WORK REQUEST >> For the records shown below, return an exact copy that excludes the pictures.

DATASET EXCERPTS >>
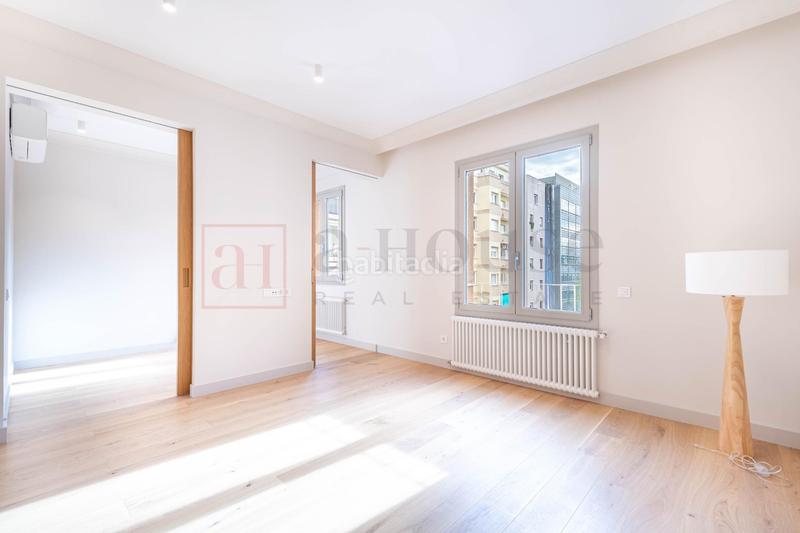 Foto 81851040-622e-4942-9512-3093f4b22f46. Flat with heating in Barri de les Corts Barcelona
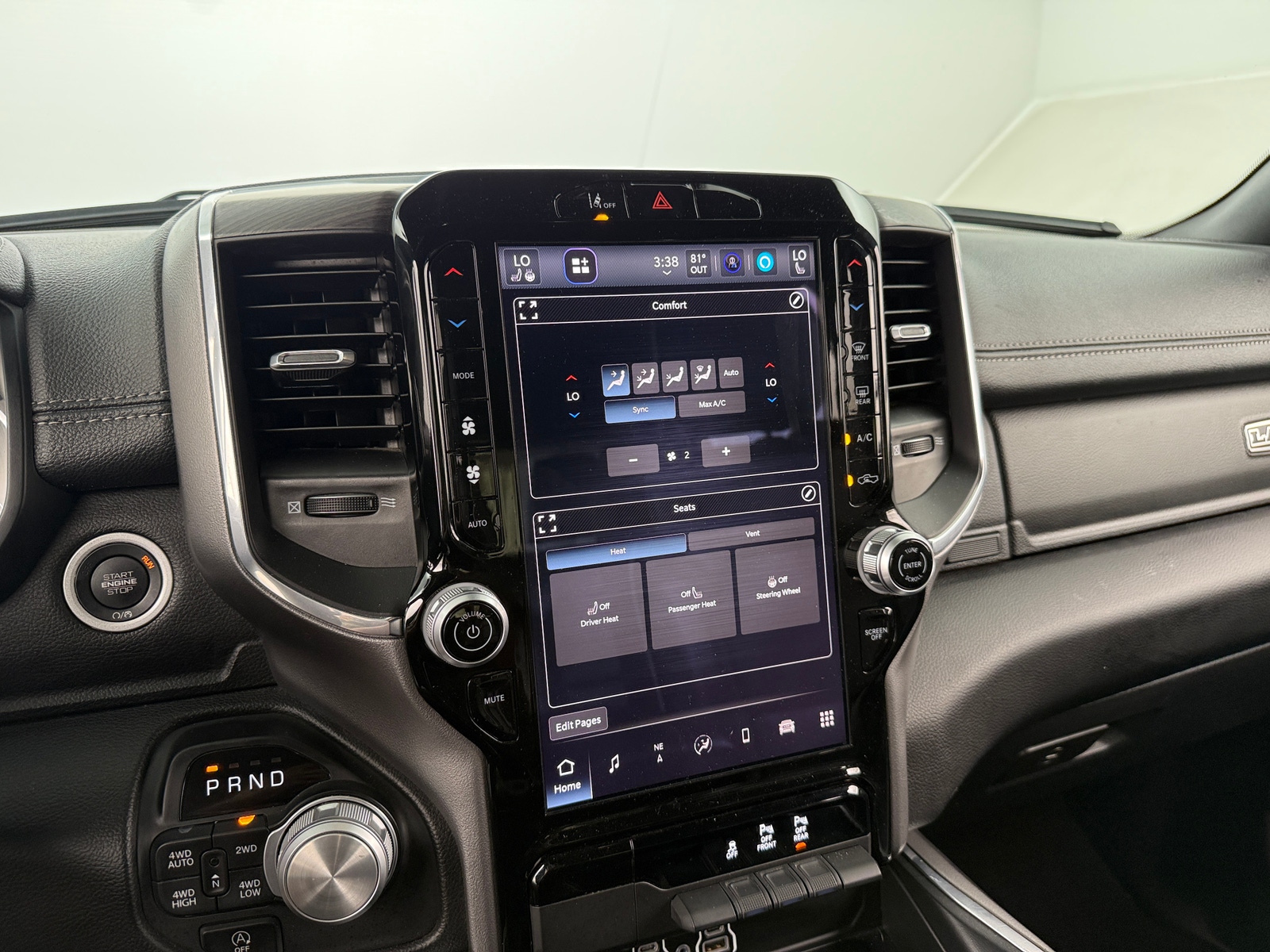 Thumbnail: 2025 RAM 1500 - 3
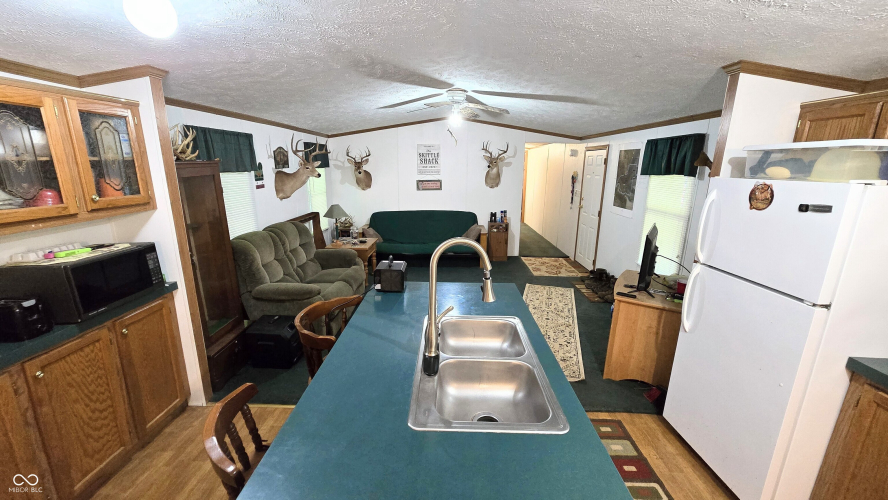 Listing Image 37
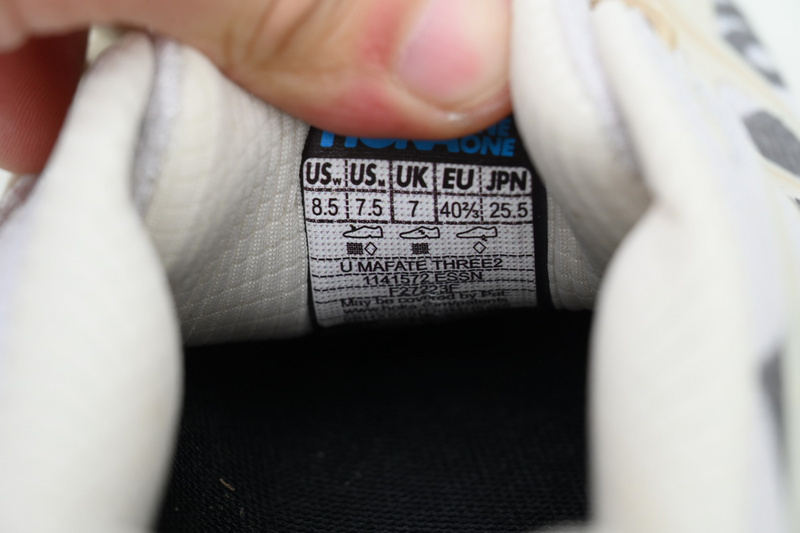 Mafate Three2 'Eggnog Shifting Sand'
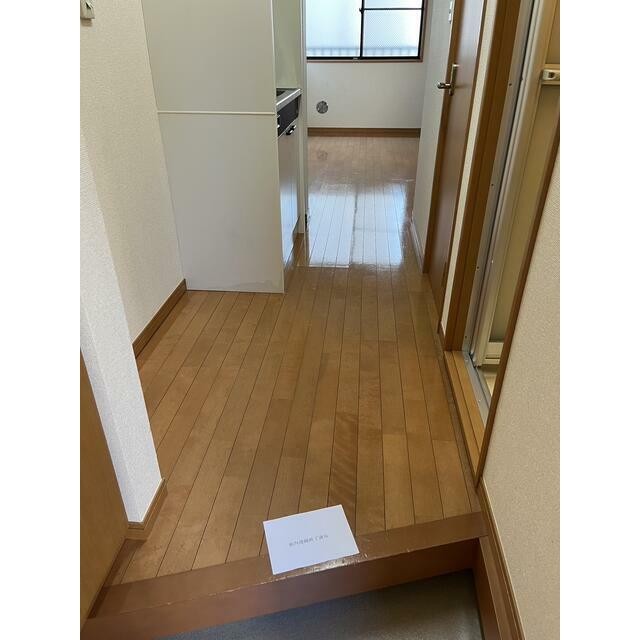 (玄関)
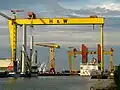 Die bekannten Riesenkräne einer Schiffswerft in Belfast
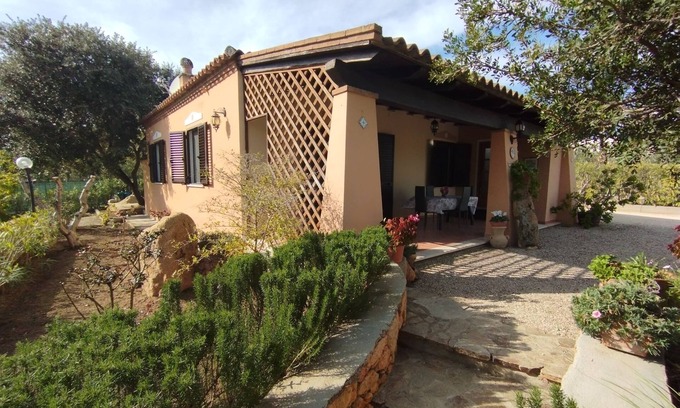 Cala Liberotto Apartment | Villa Hyacinth: Family-Friendly Retreat Near the Sea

RESPONSE AREA >>
 Foto 81851040-622e-4942-9512-3093f4b22f46. Flat with heating in Barri de les Corts Barcelona
 Thumbnail: 2025 RAM 1500 - 3
 Listing Image 37
 Mafate Three2 'Eggnog Shifting Sand'
 (玄関)
 Die bekannten Riesenkräne einer Schiffswerft in Belfast
 Cala Liberotto Apartment | Villa Hyacinth: Family-Friendly Retreat Near the Sea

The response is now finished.